Night in Paradise scans like any number of slow-burn gangster flicks, but suffers for lack of originality in both its action and drama.
Park Hoon-jung’s Night in Paradise does little to differentiate itself from other gangster movies, especially others made in Korea like Park’s own New World. Found here is the standard slick, blue-hued photography, violent action, and superficially cool world of bad men in good suits that one expects from the genre. If there’s anything that sets this iteration apart, it’s a melodramatic and sentimental streak that lends the film an unusual but pleasant languor in the long stretches between action pieces.

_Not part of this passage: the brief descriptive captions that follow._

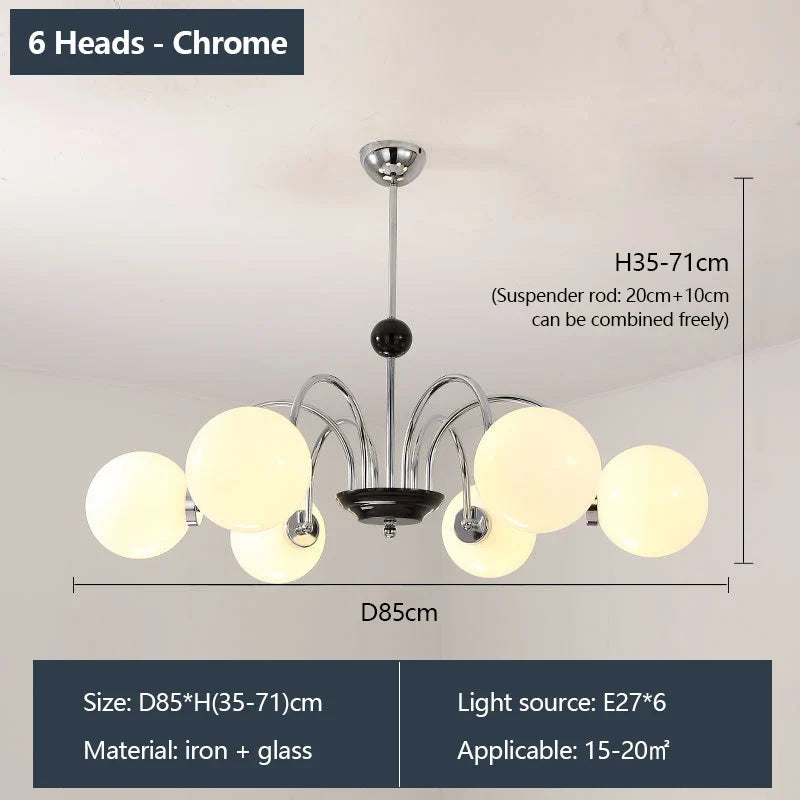 lustre rétro romantique avec protection des yeux et lumière douce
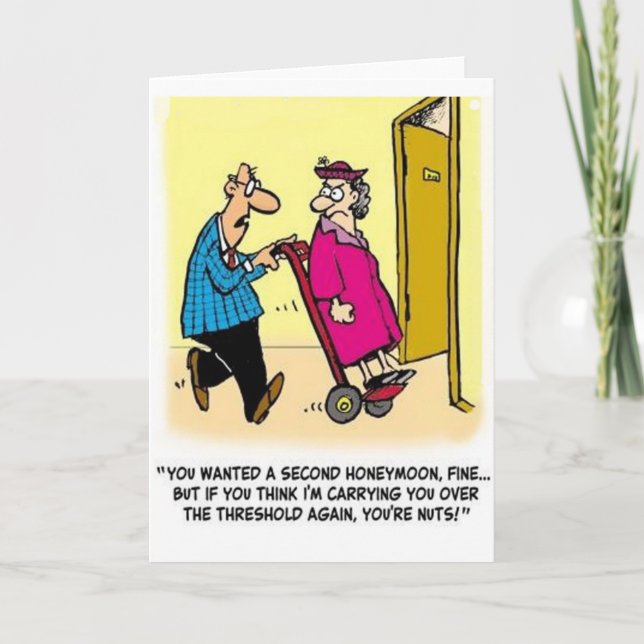 Carte De Remerciements Humour de lune de miel (Devant)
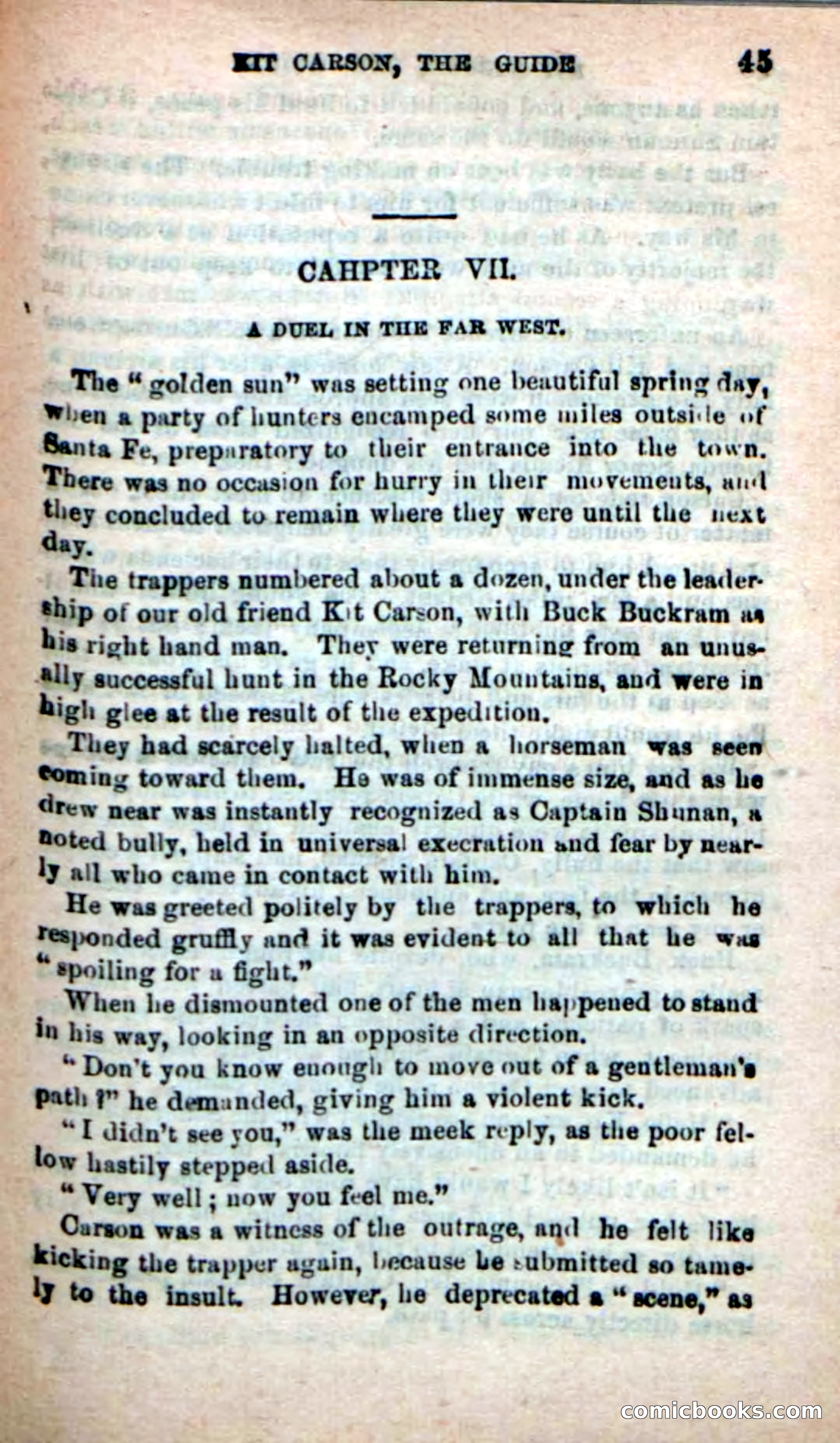 Beadle's New Dime Novels: Carson, the Guide — page 41 of 100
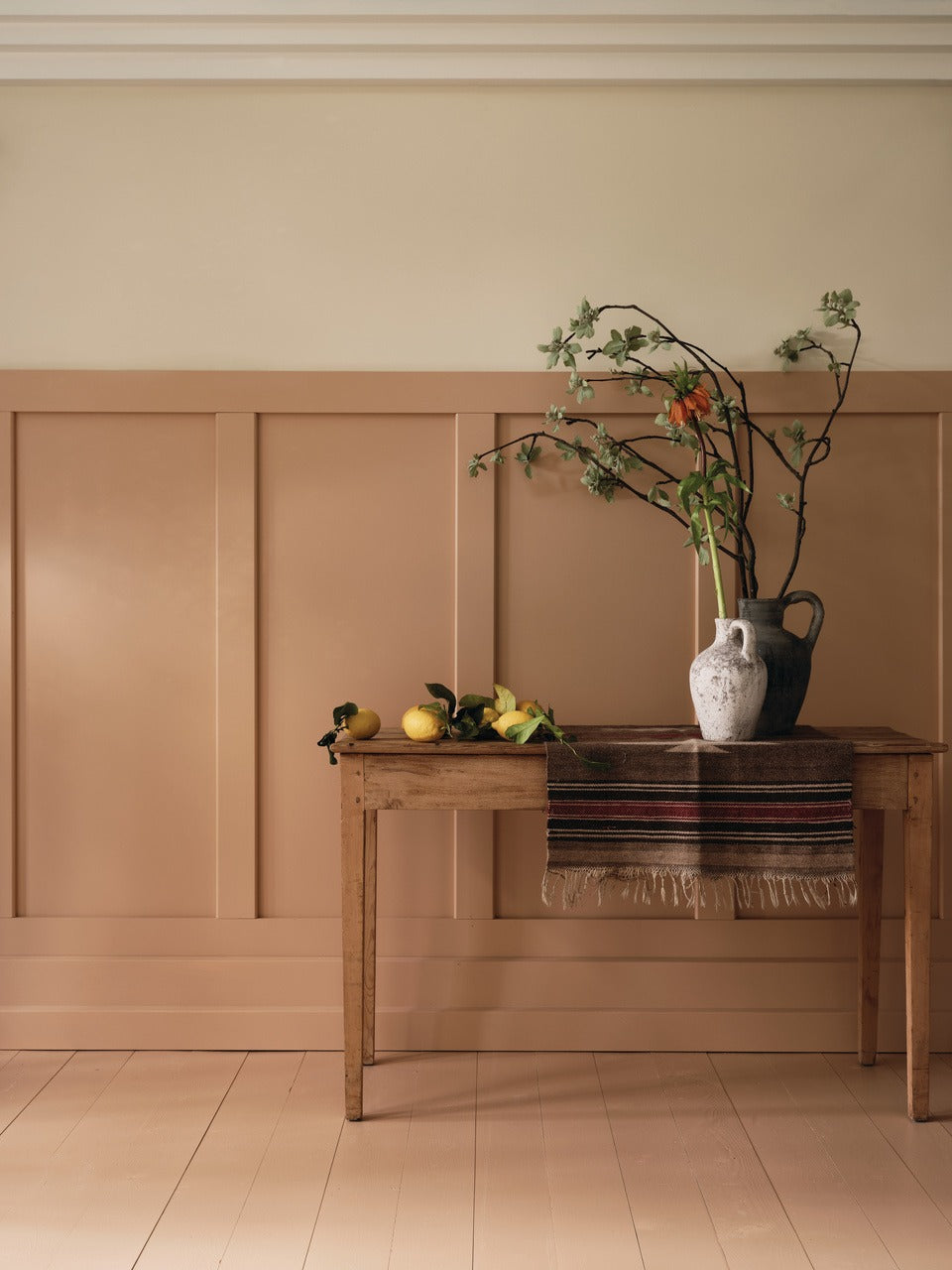 Farrow & Ball New White (59) Tester in een interieur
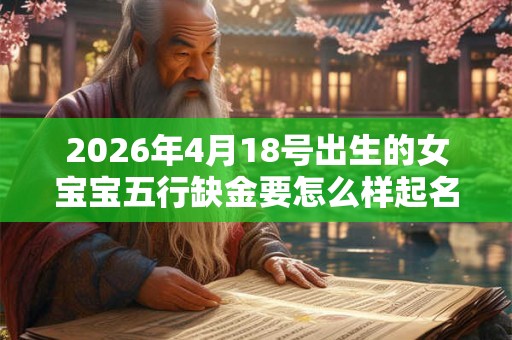 2026年4月18号出生的女宝宝五行缺金要怎么样起名字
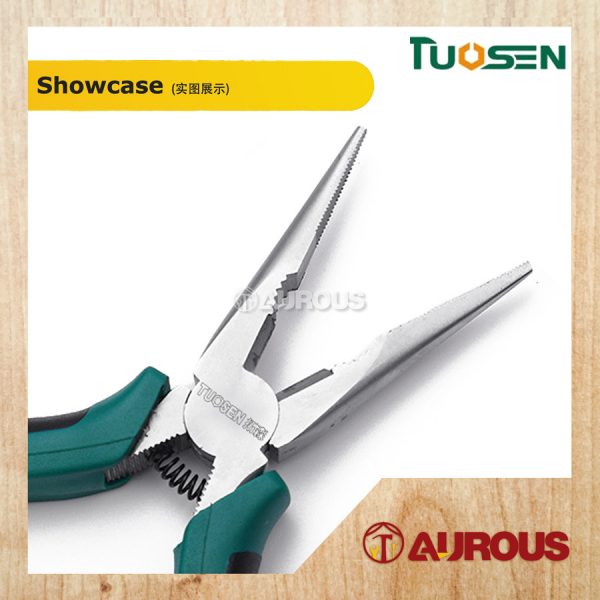 TUOSEN STEEL FERRONICKEL LONG NOSE PLIER 6'' 150MM MODEL:11918 - Image 3
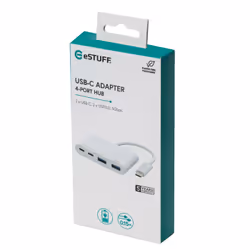 eSTUFF USB-C to 2 x USB 3.0 & 2 x USB-C 3.1 - Additional view 4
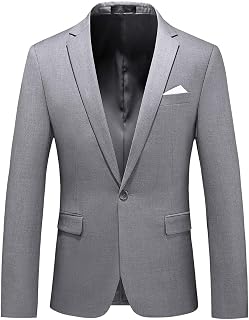 MOGU Blazer for Men, Slim Fit Suit Jacket, Casual Sport Coat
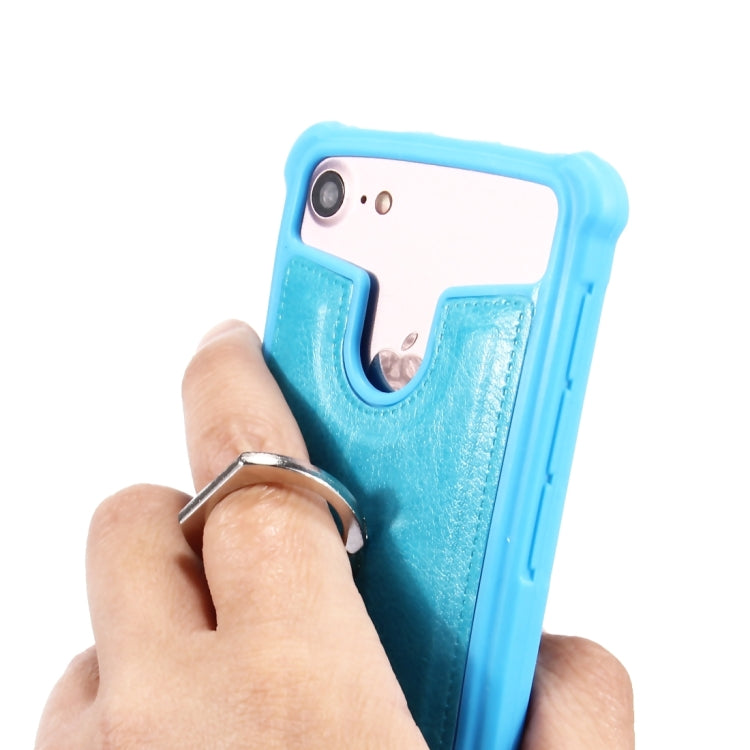 4.5-4.8 inch Universal Crazy Horse Texture PU Leather + Silicone Protective Case with Holder for Sony, Blackberry, HTC, Nokia, Blackview, ZTE, iNew, Leagoo, Bluboo and other Smartphones, Size: 14.2x7.4x1cm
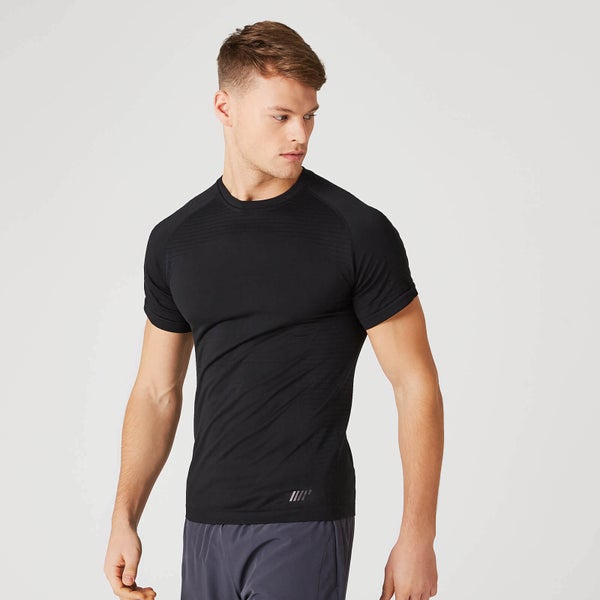 Elite Seamless T-Shirt – Schwarz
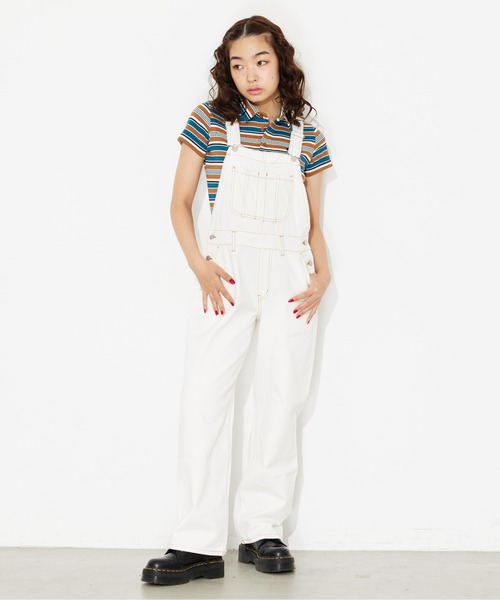 X-girl(エックスガール)の「STRIPED S/S BABY POLO SHIRT(ポロシャツ・レディース・ブラック/ブラウン/バーガンディー・S/M)」の22枚目の写真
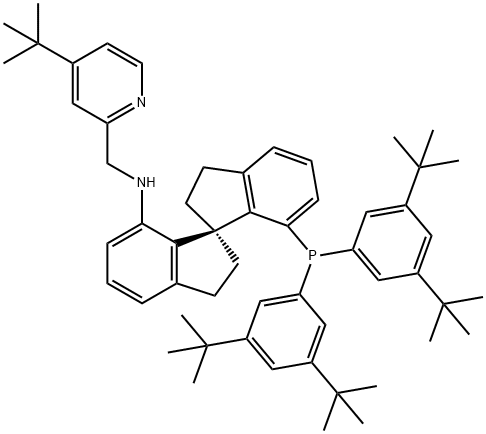 (R)-SpiroPAP-tBu 化学構造式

It’s also all more than a little overbearing, however. Park Tae-goo (Uhm Tae-goo) is a gangster on the run after he attacks a rival boss responsible for the death of his sister and niece. If the assault on his family wasn’t enough, Tae-goo’s sister was dying of disease anyway, and since he is only her half-brother, he is incompatible for the vague transplant she would have needed. He’s very anguished, you see, and his emotions are only complicated when he finds himself hiding out in Jeju with an aging gangster and his niece, Jae-yeon (Jeon Yeo-been), who is as terminally ill as Tae-goo’s sister was. Tae-goo and Jae-yeon spend much of the rest of the film together, and the initial friction brought on by mutual detachment eventually gives way to something of a bond. But for however much time they spend together eating mulhoe and lightly flirting, by the end the relationship plays like a simple raising-of-the-stakes; no matter how much time is spent with the two morosely discussing their impending dooms, it rarely amounts to more than shallow and approachable nihilism. They might come to enjoy each other’s company, but neither changes in a meaningful way or works toward any catharsis. As a result, what Park so clearly intends to be the meat of his film instead presents as little more than connective fibers, the film slowly limping along to its conclusion. Eventually, Tae-goo’s actions catch up to him, and Jae-yeon is put in danger, of course. There are a few fun surprises in seeing how this plays out, but it’s still disappointing to see the one thread that sets Night in Paradise apart flattened for the sake of its more generic conventions, rendering all of its sentiment empty table setting.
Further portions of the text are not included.